Rights groups condemn lack of global response to Taliban’s gender persecution

Ten leading international human rights groups have in a joint statement condemned the lack of an effective response from the international community to the Taliban’s gross human rights violations and gender persecution in two years of the group’s rule in Afghanistan.

The statement released Tuesday states that the Taliban has imposed heightened abusive policies, particularly against women and girls and ethnic minorities, that breach international human rights law.

International human rights groups, among them Human Rights Watch and Amnesty International, highlighted that the Taliban treatment of women and girls could account for gender persecution of a crime against humanity and be characterized as gender apartheid.

The Taliban, as the statement puts it, should be pressured to end violations and repression and be held accountable for their alleged crimes under international law, including investigation of whether the crime against humanity of gender persecution against women and girls has been committed.

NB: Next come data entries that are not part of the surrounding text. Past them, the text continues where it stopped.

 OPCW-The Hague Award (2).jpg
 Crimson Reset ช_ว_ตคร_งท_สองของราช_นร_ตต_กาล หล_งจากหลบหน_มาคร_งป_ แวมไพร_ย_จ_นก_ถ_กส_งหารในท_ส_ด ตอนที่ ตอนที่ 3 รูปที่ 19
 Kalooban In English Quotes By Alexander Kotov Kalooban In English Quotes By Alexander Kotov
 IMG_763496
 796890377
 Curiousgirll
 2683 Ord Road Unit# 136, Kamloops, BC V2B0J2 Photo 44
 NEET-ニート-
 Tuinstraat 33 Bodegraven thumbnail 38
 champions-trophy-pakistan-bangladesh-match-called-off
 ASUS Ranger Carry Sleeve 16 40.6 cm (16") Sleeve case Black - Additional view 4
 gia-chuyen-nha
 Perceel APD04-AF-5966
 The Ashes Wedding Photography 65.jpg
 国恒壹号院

The Alliance for Human Rights in Afghanistan has reiterated that they will continue to record Taliban’s crimes under international law and other serious human rights violations despite the fading international attention on Afghanistan.

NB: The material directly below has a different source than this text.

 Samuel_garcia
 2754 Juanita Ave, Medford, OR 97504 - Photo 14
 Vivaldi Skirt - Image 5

Additionally, the statement has raised concerns for the safety of activists protesting the Taliban’s harsh policies.

“Activists, especially women, protesting Taliban policies from within Afghanistan face some of the greatest risks for raising their voices and yet speak the loudest. They have persisted, despite the Taliban responding by inflicting on them physical violence, raids, arbitrary arrests and detention, torture and other cruel, inhuman or degrading treatment, enforced disappearance, and attacks on their family members.” The statement indicated.

The statement also underlines the situation of human rights activists who have been left behind and trapped inside Afghanistan under mounting threats from the Taliban or those who fled the group’s reprisal.

“While many human rights defenders at risk have been compelled to leave Afghanistan over the past two years, many more remain behind, trapped and in hiding, with little recourse for safety.” The statement noted.

“Those who have crossed borders into neighboring countries lack durable solutions, are at risk of being expelled, are often in financial crises, and face a credible risk of persecution if returned to Afghanistan. Yet, they cannot rebuild their lives in their host country and often lack any resettlement prospects outside the region. In their current host countries—often Iran, Turkey, and Pakistan—they suffer threats, including arrest, violence, extortion, deportation, and lack access to essential services, including health care and education.”

The statement has called on the international community to take more consistent and effective actions in the face of the Taliban’s human rights violations by pushing urgently for an end to violent reprisals and the release of those currently held arbitrarily in the group’s detention.

The statement adds that the international community “should also heed demands for a more robust accountability mechanism for investigation and evidence collection regarding human rights violations and renewing and strengthening the mandate of the Special Rapporteur on the situation of human rights in Afghanistan with additional resources to maintain scrutiny on the human rights situation in Afghanistan.”